In this passage, there are two significant statements. First, God addresses Himself when He creates man—“Let us ...” This is different from the way He creates animals. It is noted that “when God creates man, he addresses himself: ‘Let us ... ,’ Gen. 1:26. But when he creates animals, he addresses the inanimate world: ‘Let the waters bring forth the moving creature,’ Gen. 1:20.” The immortality of the soul is implied in the divine personal relationship with mankind.

The second significant statement in this passage is that God breathes the breath of life into man’s lungs. Again, this is totally unlike the way God brings life to the animals. There is an intimate inbreathing of God’s breath into man. “The usage of the word (‘breathed’) cannot be mistaken. As used in the text, it is descriptive of imparting the immortal spirit ...

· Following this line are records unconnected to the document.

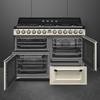 Kuchnia wolnostojąca 110cm Victoria kremsowa SMEG TR4110P1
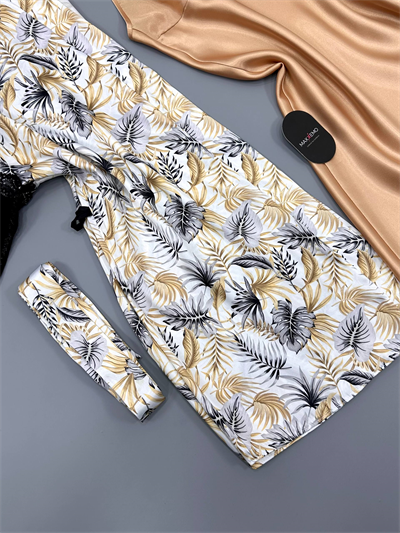 Rosa Saten Set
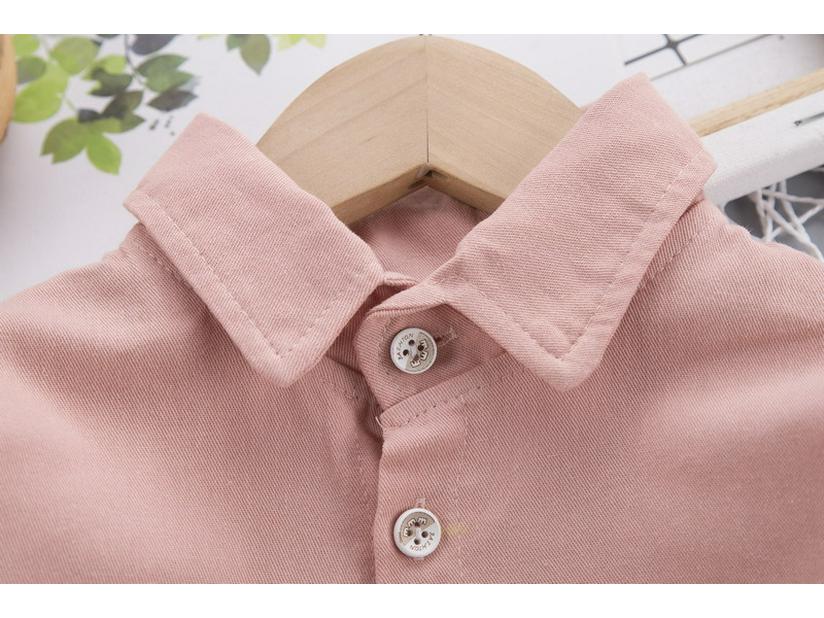 Korean-Style Autumn Dinosaur Shirt Set for Boys (Ages 0-4), Two-Piece Children's Outfit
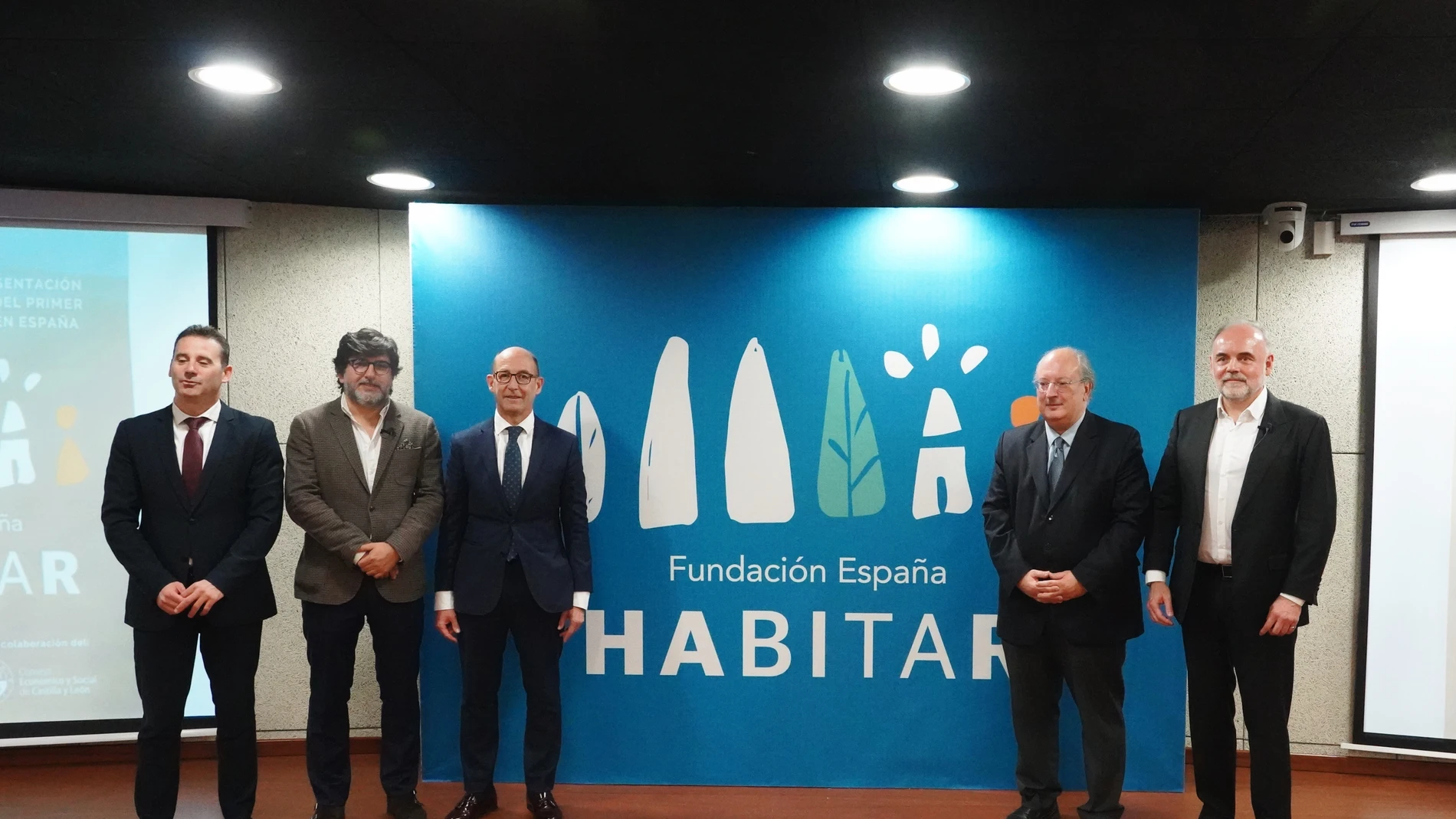 Presentación de la Fundación España Habitar y del primer Barómetro de despoblación en España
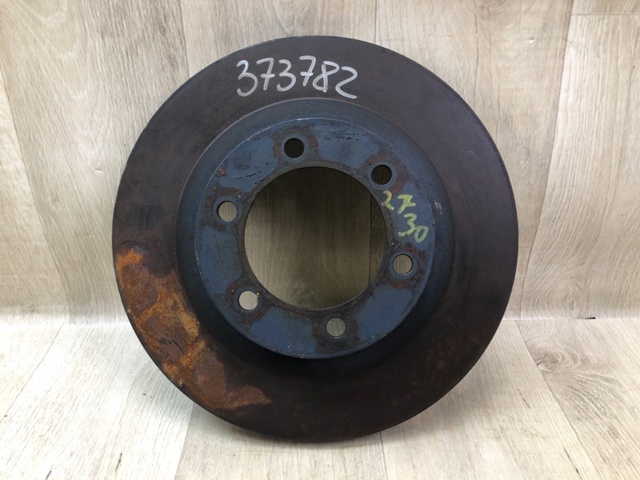 Диск переднього гальма 4351260150 TOYOTA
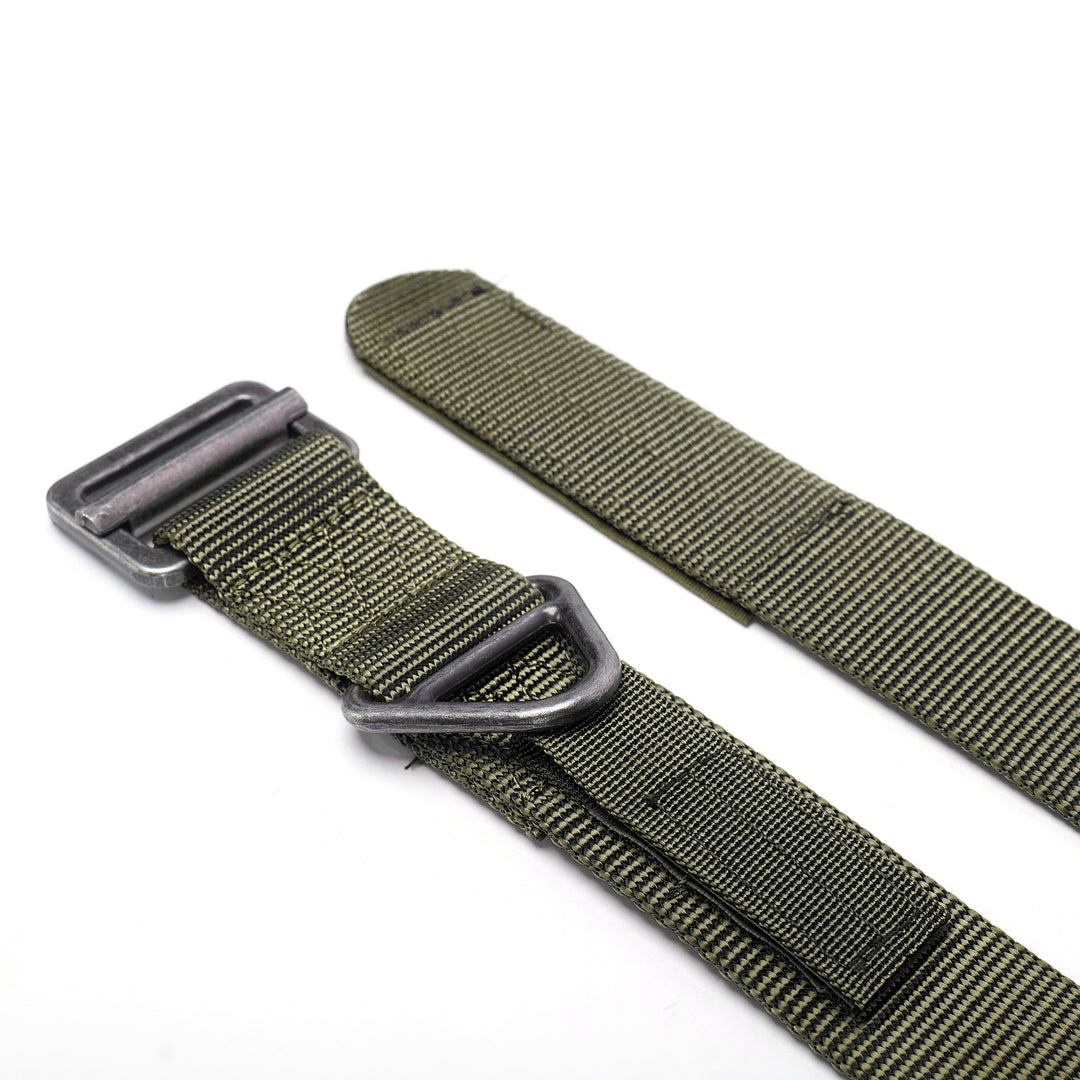 Tactical Combat Belt – Heavy-Duty Nylon, Military Style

Many NT passages also teach immortality of the soul. Matthew 25:46, for example, says that at the judgment, some “shall go into everlasting punishment: but the just, into life everlasting.” Only an immortal soul can suffer eternal punishment or enjoy eternal life. As one testifies, “I do not believe in the traditional view of hell because I accept the immortality of human beings, but the other way around. I believe in the immortality of human beings because the Bible clearly teaches everlasting damnation for the wicked and everlasting life for the righteous.

Annihilationism: Only God Has Immortality

Annihilationists also support the doctrine of conditional immortality with 1 Timothy 6:16, that “only God has immortality.” If only God has immortality, they argue, humans do not. But traditionalists (Catholics) have a number of responses to this argument. First, the argument proves too much because it would also prove that believers do not have immortality and cannot live forever. Second, it proves too much because it would prove that the elect angels would not live forever. Third, it misses the point of the verse, which is that “the essential difference between the Creator and all His works [is] that he alone by Himself subsists.” God is an invisible, personal, living Spirit. “Living” simply means that God has energy of intellect, emotions, and will in Himself, and the source of life is in Him, not in any other being or thing external to Himself. God’s very nature is to exist. He does not have to will it. Fourth, this verse is emphasizing that only God has lived from eternity past as well as into the eternity future. And fifth, this verse teaches that only God has innate and essential immortality. Human immortality is dependent upon and derived from God.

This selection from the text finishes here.